The previous poster is correct, that LOTS of malware masquerades as a CURE for malware. This is 100% absolutely NOT true of spybot search and destroy. If I had to choose which program to use, and which one was smokin crack, I'd use spyware, and ditch AVG in a heartbeat.


----------



## RainyDay (Feb 11, 2008)

Klapton said:


> It is possible that a virus has infected their Spybot files. If they completely remove spybot, and reinstall it (I'd recommend a fresh download of spybot from their website), I would be very surprised if the problem continued.
> 
> http://www.safer-networking.org/en/download/index.html
> 
> The previous poster is correct, that LOTS of malware masquerades as a CURE for malware. This is 100% absolutely NOT true of spybot search and destroy. If I had to choose which program to use, and which one was smokin crack, I'd use spyware, and ditch AVG in a heartbeat.


I have to agree with the above. Remove and get rid of any traces of the current install of spybot, run a good virus scan to remove any remnants of what ever is infecting the old spybot files, and then download and install a fresh copy of spybot.


----------



## Windy in Kansas (Jun 16, 2002)

I have both AVG and Spybot installed although not the freeware versions.

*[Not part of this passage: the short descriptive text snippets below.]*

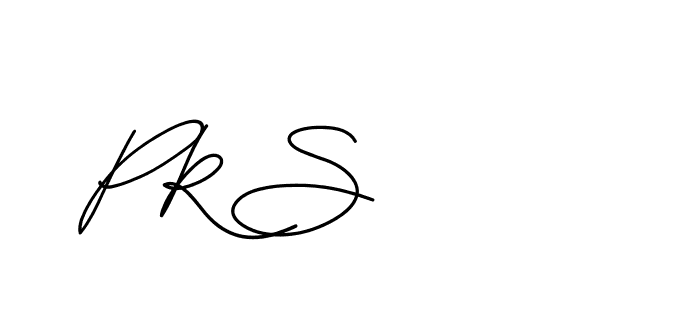 The best way (DemoblackanemoneRegular-z8qd0) to make a short signature is to pick only two or three words in your name. The name Ceard include a total of six letters. For converting this name. Ceard signature style 2 images and pictures png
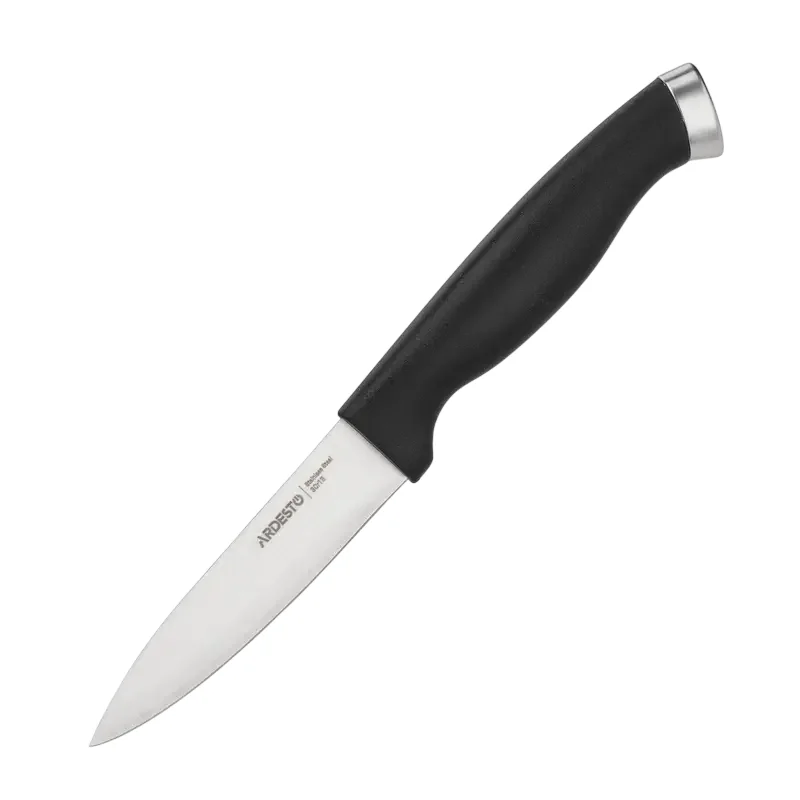Knife Set Ardesto AR2114SW — foto 11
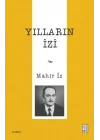 Yılların İzi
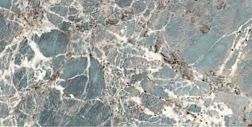 Керамическая плитка Qua Granite Firoza Full Lap Керамогранит 60х120 см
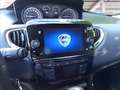 Lancia Ypsilon 1.0 firefly hybrid Gold s&s 70cv Blu/Azzurro - thumbnail 15
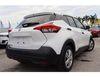 Nissan Kicks S | Miami, Fl | Ocean Auto Sales - Thumbnail 11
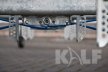 Kalf S 3500-74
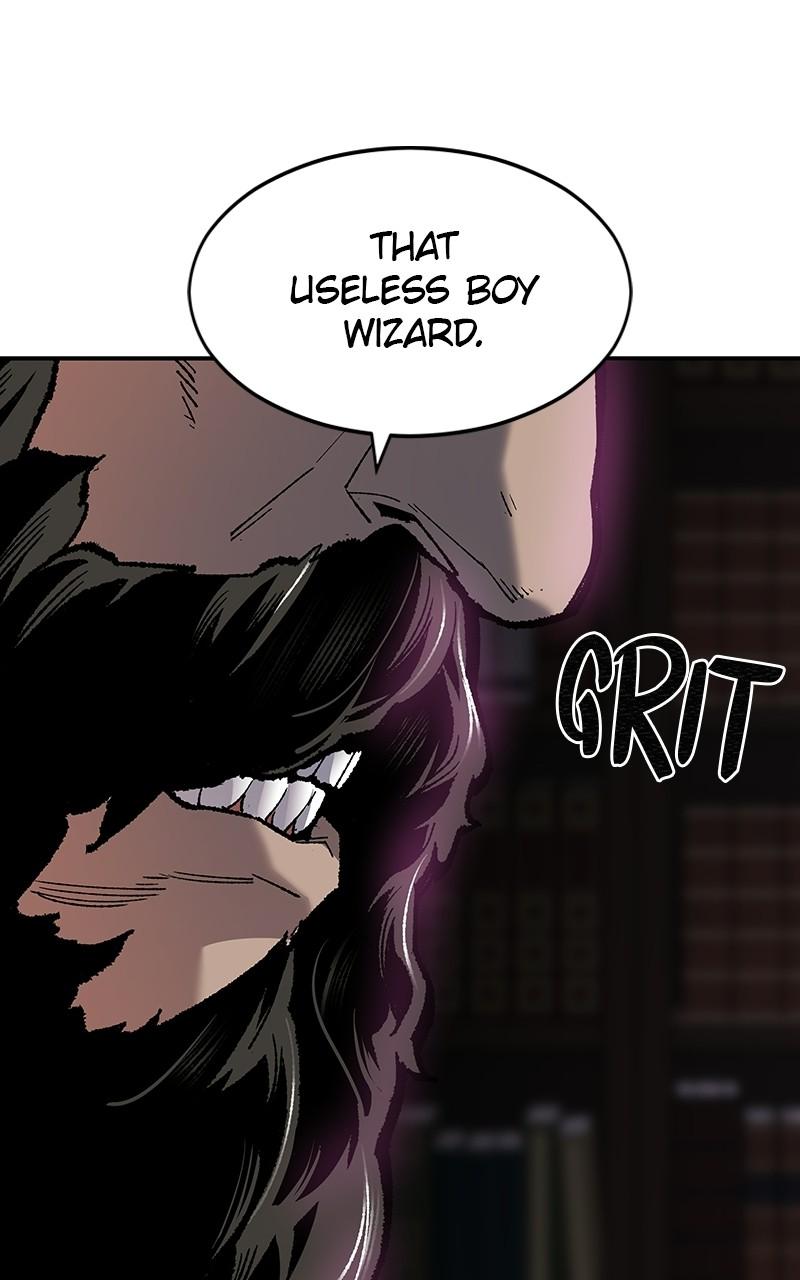 Limit Breaker S1 - Episode 58 99
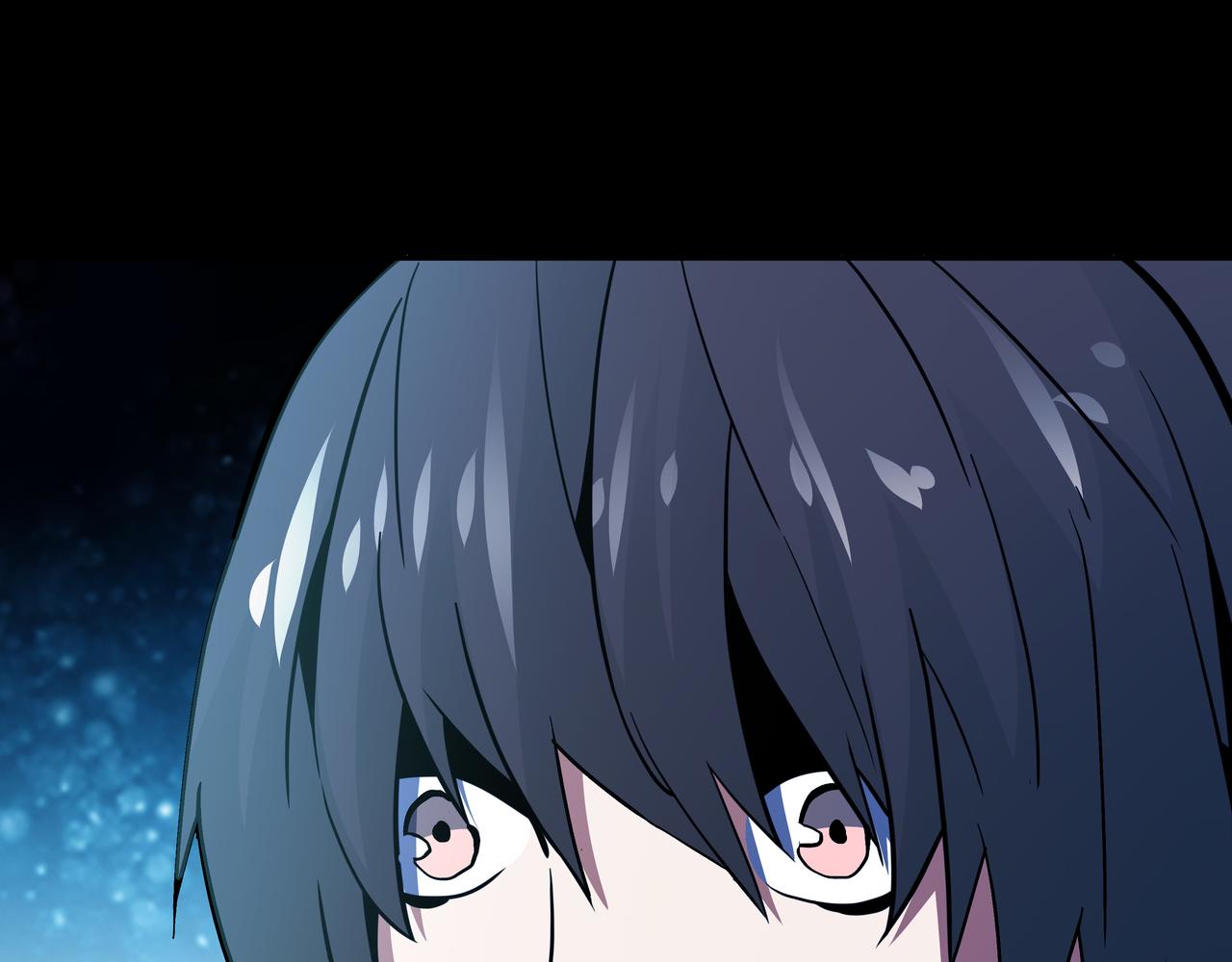 🍕恐怖直播 第14话 追击1 第36页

Mine are working normally. 

There is however a lot of ills with the Net going on as I am currently getting about two updates per day for my AVG w/firewall.


----------



## doc623 (Jun 7, 2004)

Klapton said:


> It is possible that a virus has infected their Spybot files. If they completely remove spybot, and reinstall it (I'd recommend a fresh download of spybot from their website), I would be very surprised if the problem continued.
> 
> http://www.safer-networking.org/en/download/index.html
> 
> The previous poster is correct, that LOTS of malware masquerades as a CURE for malware. This is 100% absolutely NOT true of spybot search and destroy. If I had to choose which program to use, and which one was smokin crack, I'd use spyware, and ditch AVG in a heartbeat.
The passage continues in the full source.